Restate exactly, and only, the lines from the one with "Chanel Belt Cambon" through the end of the data, with both of those end lines kept. Drop any pictures.
***** Supplied information *****
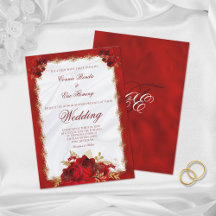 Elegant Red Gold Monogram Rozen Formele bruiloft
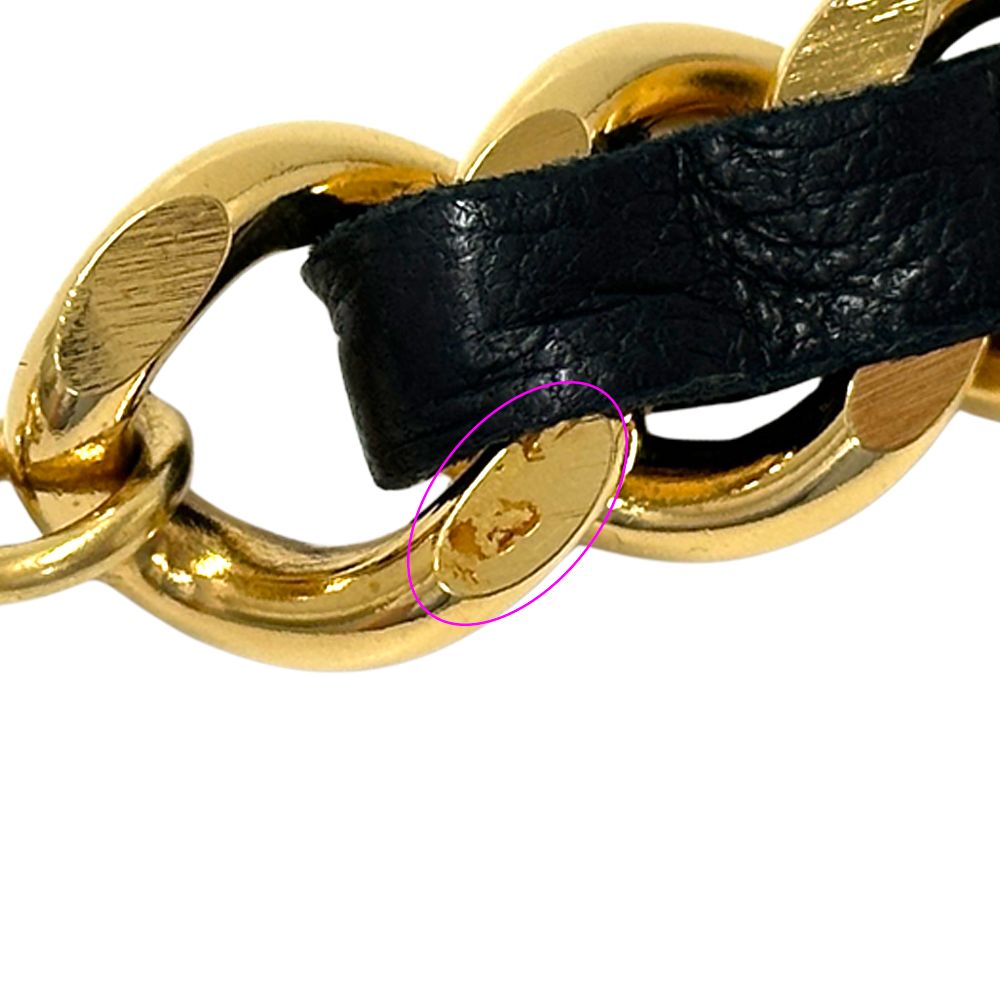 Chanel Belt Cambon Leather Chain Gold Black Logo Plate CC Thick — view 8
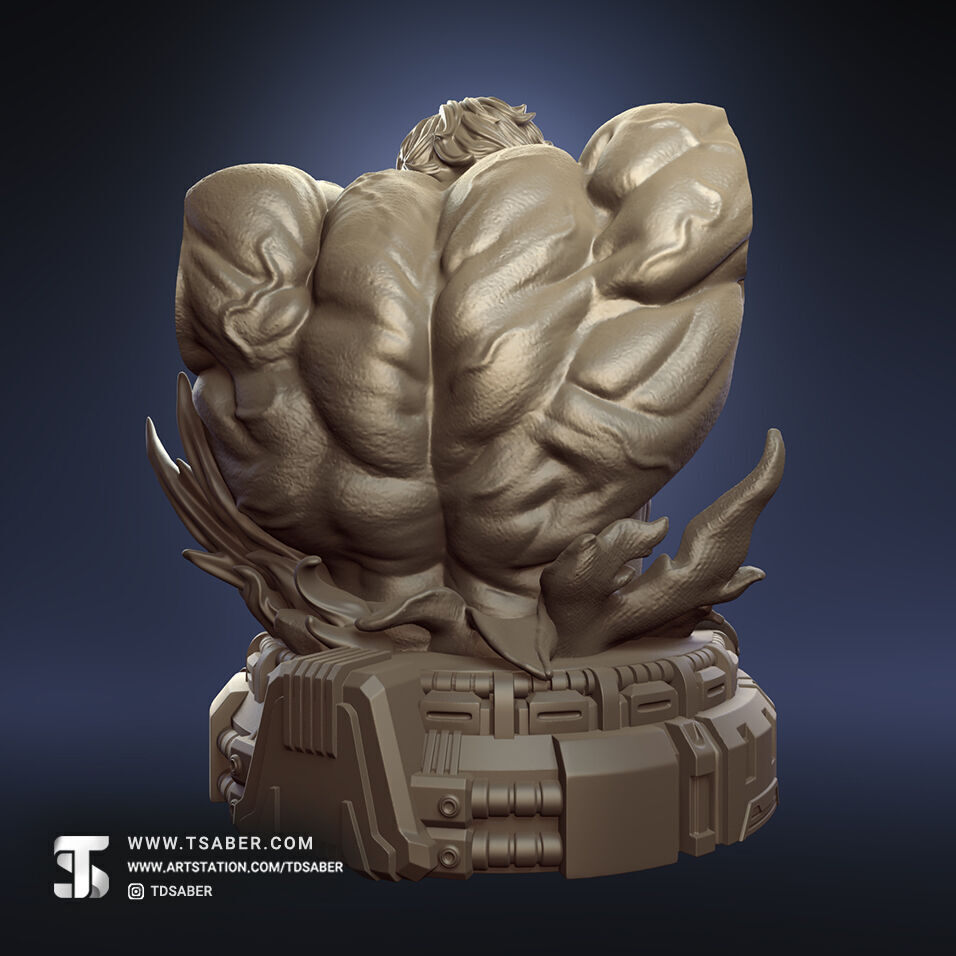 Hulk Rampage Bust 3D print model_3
*****
_Solution_
 Chanel Belt Cambon Leather Chain Gold Black Logo Plate CC Thick — view 8
 Hulk Rampage Bust 3D print model_3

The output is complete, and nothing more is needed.